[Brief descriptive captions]
#####

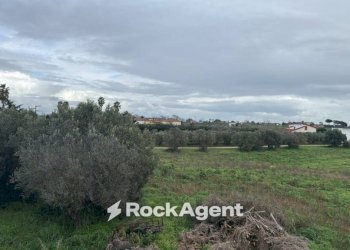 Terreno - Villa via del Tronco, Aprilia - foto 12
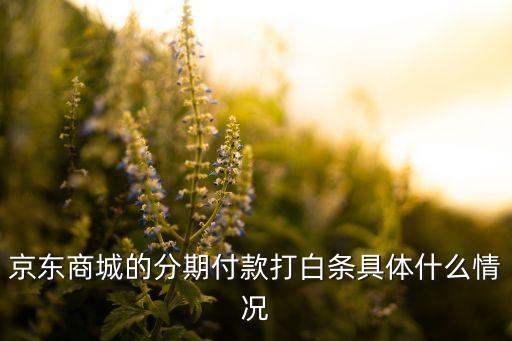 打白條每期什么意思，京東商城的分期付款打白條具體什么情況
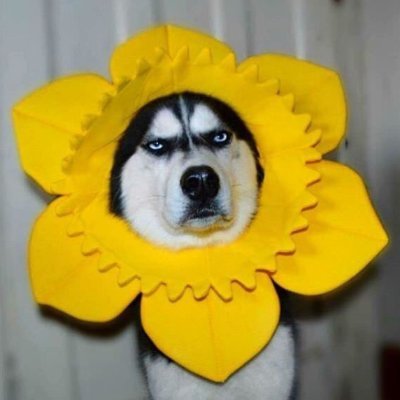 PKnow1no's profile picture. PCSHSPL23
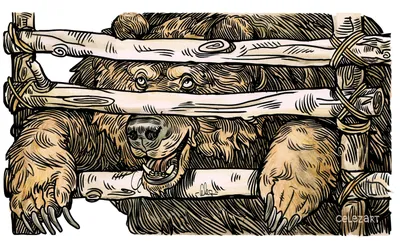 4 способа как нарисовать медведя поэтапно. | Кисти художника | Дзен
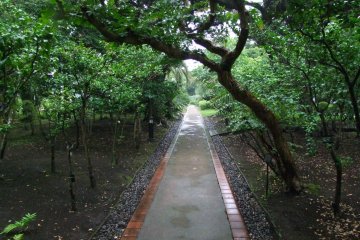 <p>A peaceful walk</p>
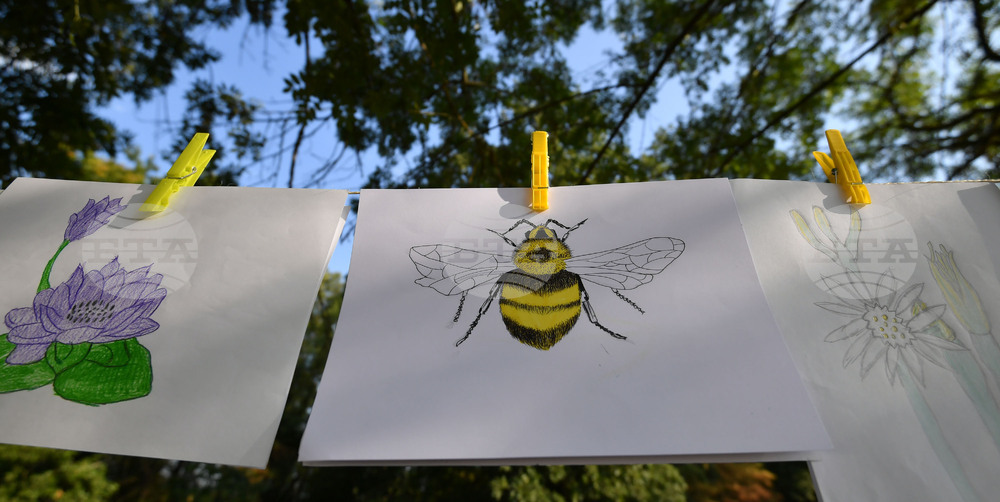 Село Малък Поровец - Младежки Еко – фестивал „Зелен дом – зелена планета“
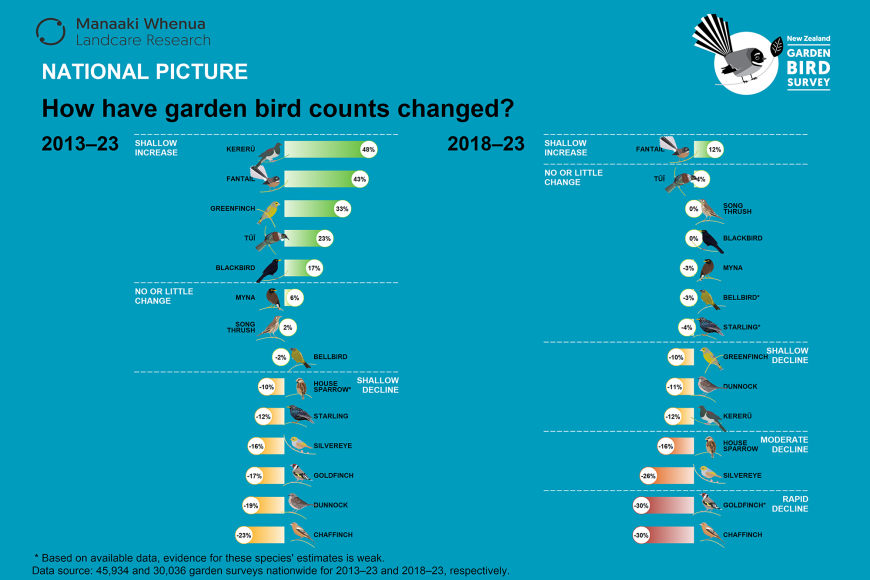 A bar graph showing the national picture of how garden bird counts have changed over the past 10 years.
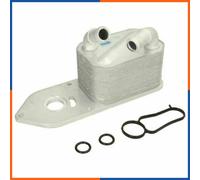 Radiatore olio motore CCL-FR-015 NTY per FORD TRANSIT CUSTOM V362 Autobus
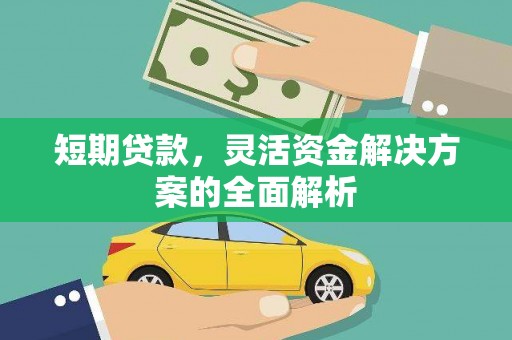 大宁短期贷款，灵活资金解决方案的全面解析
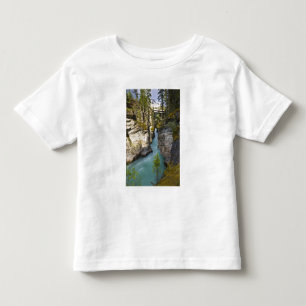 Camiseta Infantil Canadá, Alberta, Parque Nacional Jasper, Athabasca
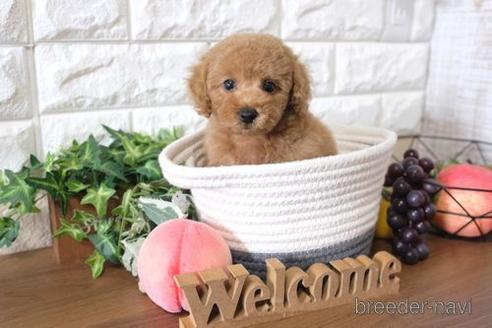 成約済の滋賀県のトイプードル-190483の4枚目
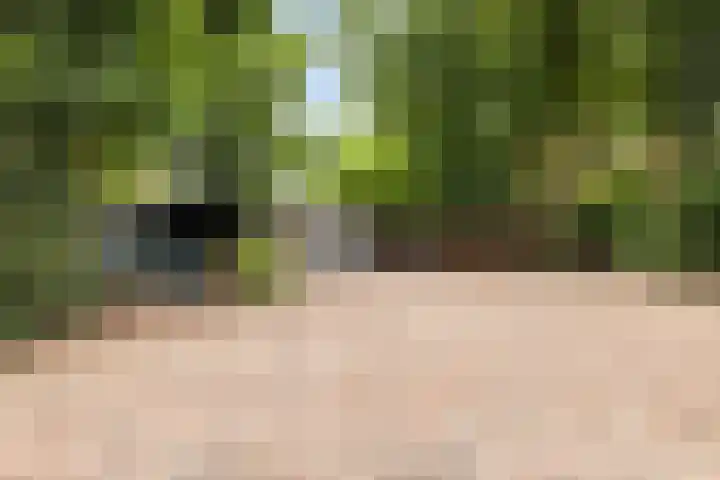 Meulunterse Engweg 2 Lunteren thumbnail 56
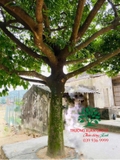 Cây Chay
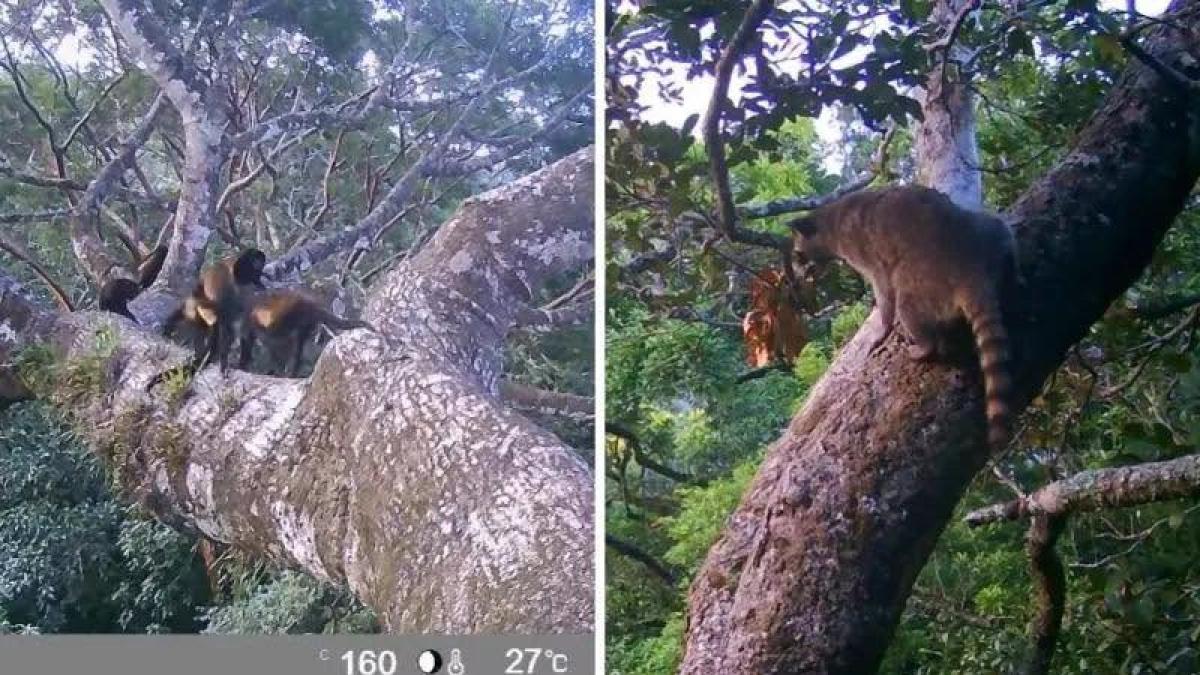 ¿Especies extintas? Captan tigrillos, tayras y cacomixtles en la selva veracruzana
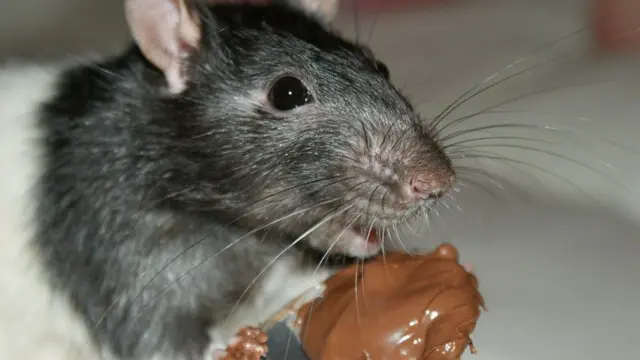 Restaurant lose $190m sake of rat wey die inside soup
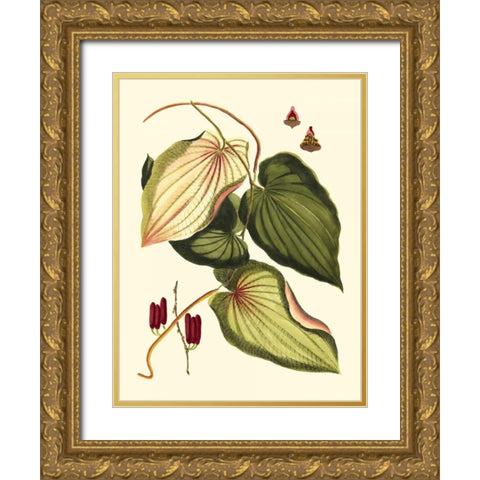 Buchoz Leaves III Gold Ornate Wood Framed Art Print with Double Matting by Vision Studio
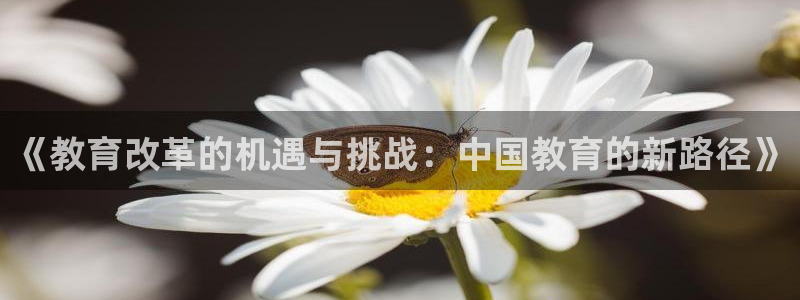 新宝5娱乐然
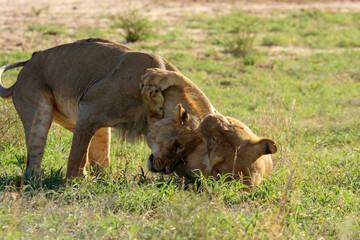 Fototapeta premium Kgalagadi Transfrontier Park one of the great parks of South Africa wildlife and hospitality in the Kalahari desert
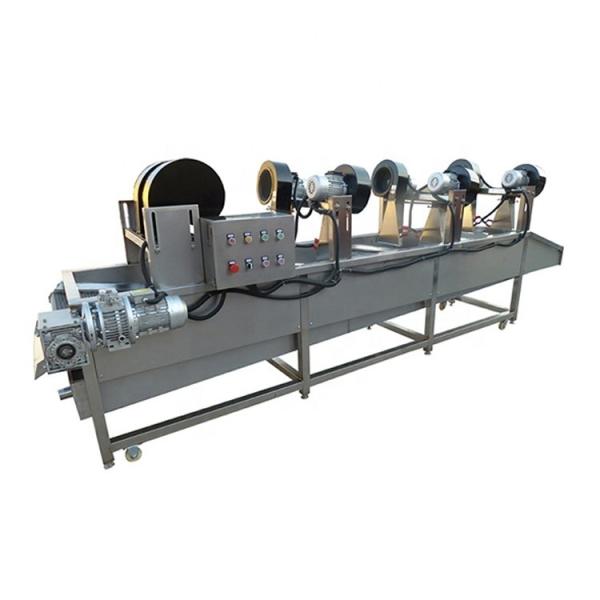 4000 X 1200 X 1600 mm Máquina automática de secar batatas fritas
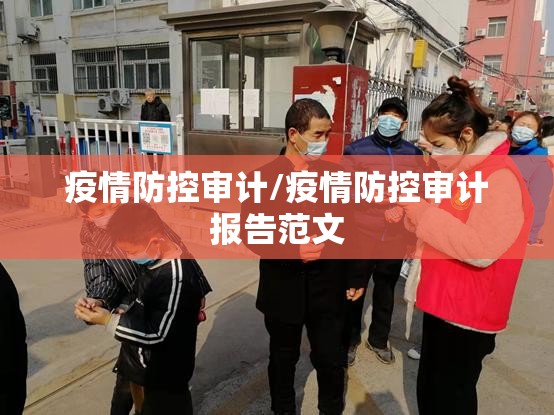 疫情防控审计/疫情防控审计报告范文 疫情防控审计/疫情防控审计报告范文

#####

Problem to work on: Reproduce each entry precisely; the pictures stay out.

Reply to the exercise:
 Terreno - Villa via del Tronco, Aprilia - foto 12
 打白條每期什么意思，京東商城的分期付款打白條具體什么情況
 PKnow1no's profile picture. PCSHSPL23
 4 способа как нарисовать медведя поэтапно. | Кисти художника | Дзен
 <p>A peaceful walk</p>
 Село Малък Поровец - Младежки Еко – фестивал „Зелен дом – зелена планета“
 A bar graph showing the national picture of how garden bird counts have changed over the past 10 years.
 Radiatore olio motore CCL-FR-015 NTY per FORD TRANSIT CUSTOM V362 Autobus
 大宁短期贷款，灵活资金解决方案的全面解析
 Camiseta Infantil Canadá, Alberta, Parque Nacional Jasper, Athabasca
 成約済の滋賀県のトイプードル-190483の4枚目
 Meulunterse Engweg 2 Lunteren thumbnail 56
 Cây Chay
 ¿Especies extintas? Captan tigrillos, tayras y cacomixtles en la selva veracruzana
 Restaurant lose $190m sake of rat wey die inside soup
 Buchoz Leaves III Gold Ornate Wood Framed Art Print with Double Matting by Vision Studio
 新宝5娱乐然
 Fototapeta premium Kgalagadi Transfrontier Park one of the great parks of South Africa wildlife and hospitality in the Kalahari desert
 4000 X 1200 X 1600 mm Máquina automática de secar batatas fritas
 疫情防控审计/疫情防控审计报告范文 疫情防控审计/疫情防控审计报告范文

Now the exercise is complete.